Token Separation¶
Manage token separation at phone, syllable and word levels
-
class
wordseg.separator.
Separator
(phone=' ', syllable=';esyll', word=';eword')[source]¶ Token separation at phone, syllable and word levels
A Separator is made of 3 entries phone, syllable and word defining the token separators for each of these levels within an utterance. A token separator can be a string or None. If not None, the entries ‘phone’, ‘syllable’ and ‘word’ must be all different.
The following characters are forbidden in separators: !#$%&’*+-.^`|~:"
-
forbidden_chars
= '!#$%&\'*+-.^`|~:\\"'¶ Characters forbidden in separators
They interfer with regular expression processing
-
iterate
(type='value')[source]¶ Yields on phone, syllable and word tokens, in that order
- Parameters
type (str, optional) – Type of separator representation to return, must be ‘value’ or ‘pair’.
- Yields
token (str or tuple) – In the form token_value if type is ‘value’. In the form (token_name, token_value) if type is ‘pair’.
- Raises
ValueError – If the type is not ‘value’ or ‘pair’.
-
remove
(utterance, level=None)[source]¶ Returns the utterance with separators removed
- Parameters
utterance (str) – The string to remove the separators from
level (str, optional) – If specified (must be ‘phone’, ‘syllable’ or ‘word’), remove only the separators of the given level. Else remove all the separators.
- Returns
The utterance with specified separators removed. Multiple
spaces are removed as well.
- Raises
ValueError – If the level is specified and is not ‘phone’, ‘syllable’ or ‘word’.
-
split
(utterance, level, keep_boundaries=False)[source]¶ Split the utterance at a given token level
This method is sensitive to either the utterance is striped or not. It may output empty tokens.
- Parameters
utterance (str) – The string to split in tokens.

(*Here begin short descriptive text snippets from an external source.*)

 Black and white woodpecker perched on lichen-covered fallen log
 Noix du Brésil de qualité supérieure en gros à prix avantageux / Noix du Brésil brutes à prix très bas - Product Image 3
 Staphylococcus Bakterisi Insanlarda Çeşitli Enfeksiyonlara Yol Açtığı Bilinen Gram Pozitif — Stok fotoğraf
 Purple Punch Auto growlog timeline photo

level (str) – Token level to split the string with. Must be ‘phone’, ‘syllable’ or ‘word’.
keep_boundaries (bool, optional) – If False (default), remove all the separators for all levels from the returned sub-utterances.
- Returns
tokens – The tokens extracted from utt, may include empty tokens.
- Return type
generator
- Raises
ValueError – If the level is not ‘phone’, ‘syllable’ or ‘word’.
See also
tokenize()
an higher-level method to split an utterance
-
strip
(utterance, level=None)[source]¶ Removes leading and ending separators of an utterance
- Parameters
utterance (str) – The utterance to be striped.

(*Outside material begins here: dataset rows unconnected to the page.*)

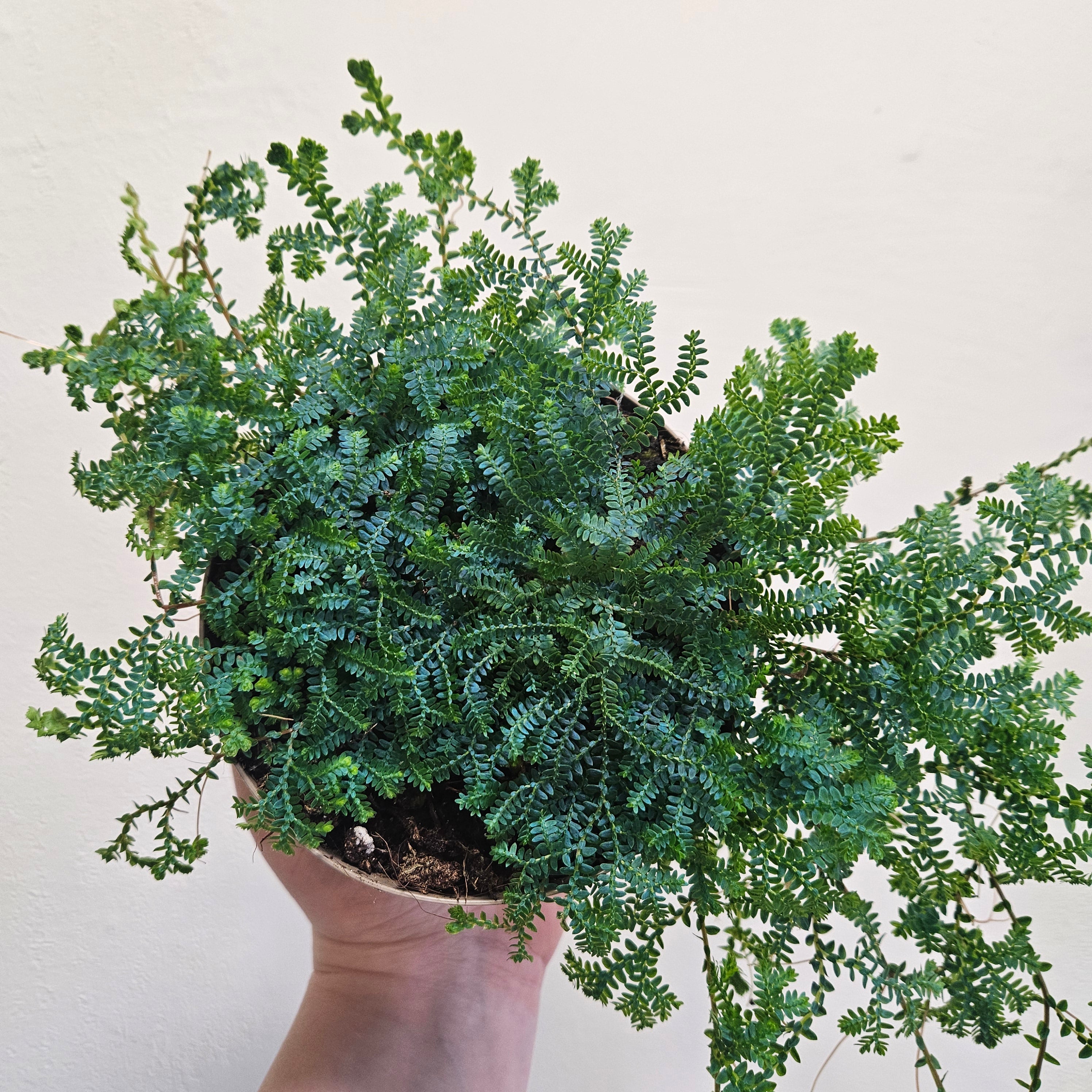 Selaginella uncinata &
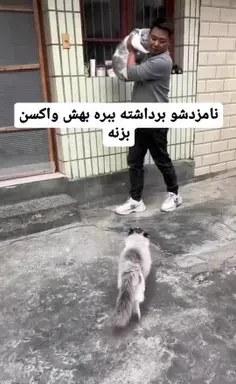 عکس برادر غیرتی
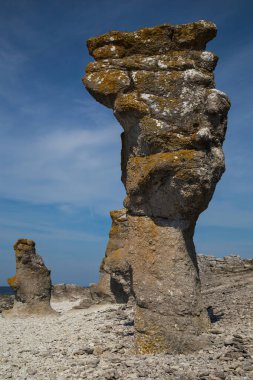 Faro, Gotland, İsveç 'teki Langhammars doğa rezervi..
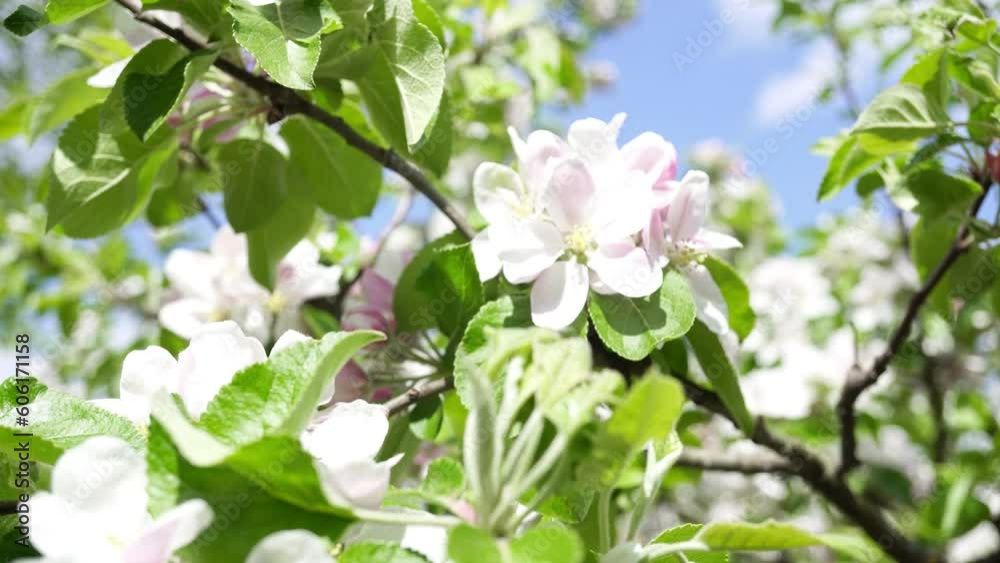 Branches of a Blossoming Apple Tree Swing Against the Background of the Blue Sky. Branches of a Blossoming Apple Tree Swing Against the Background of the Blue Sky.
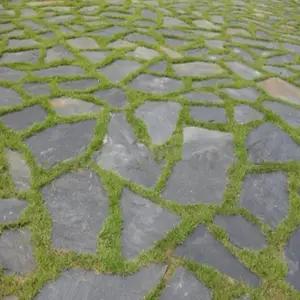 ���������������̵��޹�����ʯƬʯ2-3���ֺ���ǽ������ʯ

level (str, optional) – Specify the level boundaries to strip. If not specified remove all the boundaries. If specified, must be ‘phone’, ‘syllable’ or ‘word’.
- Returns
- Return type
The striped utterance
-
tokenize
(utterance, level=None, keep_boundaries=True)[source]¶ Return the tokens in utterance at the given level
Iterates on phones, syllable or words within a given utterance, other levels being ignored.
- Parameters
utterance (str) – The utterance to be tokenized.
level (str, optional) – The level to tokenize the utterance at, must be ‘phone’, ‘syllable’ or ‘word’. If not specified, tokenize at all the defined levels and return a nested list.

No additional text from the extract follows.